Data provided:
++++++
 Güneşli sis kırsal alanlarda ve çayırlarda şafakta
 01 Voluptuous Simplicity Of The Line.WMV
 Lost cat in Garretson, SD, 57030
++++++
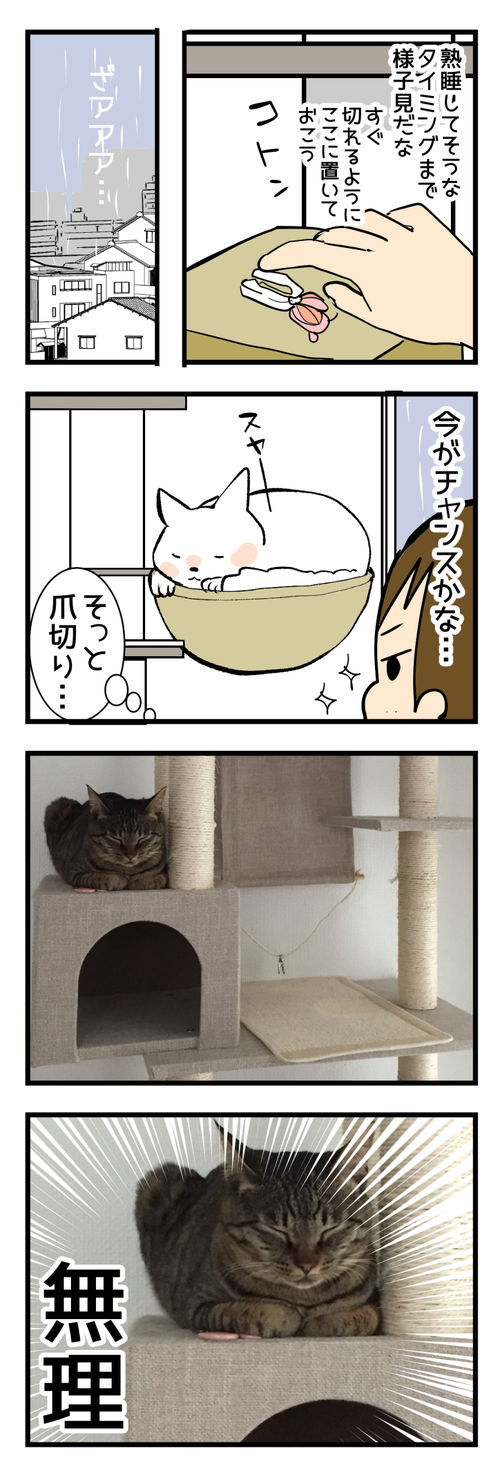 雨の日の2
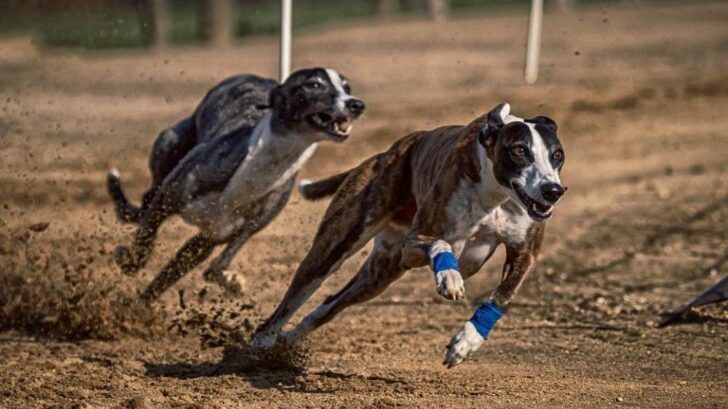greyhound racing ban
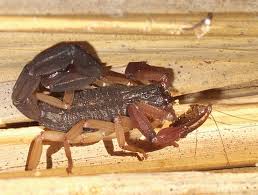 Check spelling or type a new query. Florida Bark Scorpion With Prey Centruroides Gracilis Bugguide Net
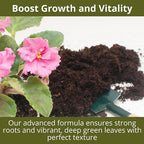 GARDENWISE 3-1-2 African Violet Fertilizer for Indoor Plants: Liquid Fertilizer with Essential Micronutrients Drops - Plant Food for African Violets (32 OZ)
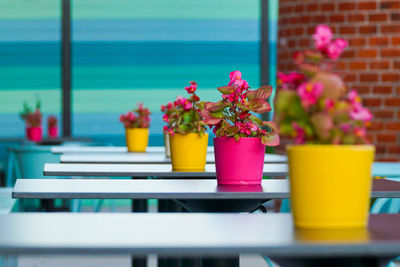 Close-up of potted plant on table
++++++
Task to carry out: The stretch above running from the line with "GARDENWISE 3-1-2 African" through the line with "Close-up of potted plant on table" is all you should copy, exactly, leaving out the pictures.

Written solution:
 GARDENWISE 3-1-2 African Violet Fertilizer for Indoor Plants: Liquid Fertilizer with Essential Micronutrients Drops - Plant Food for African Violets (32 OZ)
 Close-up of potted plant on table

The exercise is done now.